E não se tipificaria mesmo como venda casada porque o segurador, de forma alguma, estaria condicionando a compra de um seguro à aquisição de outro produto ou serviço diferente, seu ou de terceiro como, por exemplo, a comercialização de um seguro de vida desde que o segurado adquira um seguro de automóvel, um plano de previdência ou um título de capitalização. Isso sim, poderia se qualificar como típica venda casada, em caso de condicionamento. Não o seria, no entanto, o simples fato de o fornecedor oferecer um serviço ou produto, diferenciado, que seja do interesse do consumidor, digamos um título de capitalização, um seguro de vida, uma garantia estendida, uma recarga de cartão pré-pago, uma ou mais baterias para a lanterna adquirida, dentre muitas outras tantas ofertas úteis que sejam do interesse do consumidor, nos variados canais comerciais, sem que a tanto seja de algum modo forçado.

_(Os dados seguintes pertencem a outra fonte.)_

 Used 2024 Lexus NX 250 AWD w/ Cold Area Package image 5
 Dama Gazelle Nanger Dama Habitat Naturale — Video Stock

Como dito, mesmo nos casos de venda casada a doutrina é acorde em reconhecer que não é absoluta a proibição estabelecida no referido dispositivo legal (art. 39, I do CDC), comportando os devidos abrandamentos e desdobramentos, inclusive tendo em vista a “justa causa” da condição estabelecida pelo fornecedor para limites quantitativos.

É preciso, pois, separar o verdadeiro conceito do falso conceito de venda casada.

EM CONCLUSÃO e feitas essas considerações e trazidos os exemplos ilustrativos do que pode ou não caracterizar uma venda casada, na maior das vezes não se trata mesmo de uma configuração de venda casada na forma como a lei a reprime, desde que naquelas referidas hipóteses tudo não passar de simples oferecimento de outros produtos ou serviços, sem qualquer prova do condicionamento ou constrangimento (não sem advertir de que determinados métodos de vendas “agressivos” podem configurar constrangimentos) no fornecimento de um produto ou serviço à aquisição de outro, eis que, do contrário, segundo precedente do STJ, o procedimento poderia caracterizar-se como infringente ao artigo 39, I do CDC, que condena, consoante acórdão citado, qualquer tentativa do fornecedor de se beneficiar de sua superioridade econômica ou técnica impondo condições negociais desfavoráveis ao consumidor, lhe cerceando a liberdade de escolha.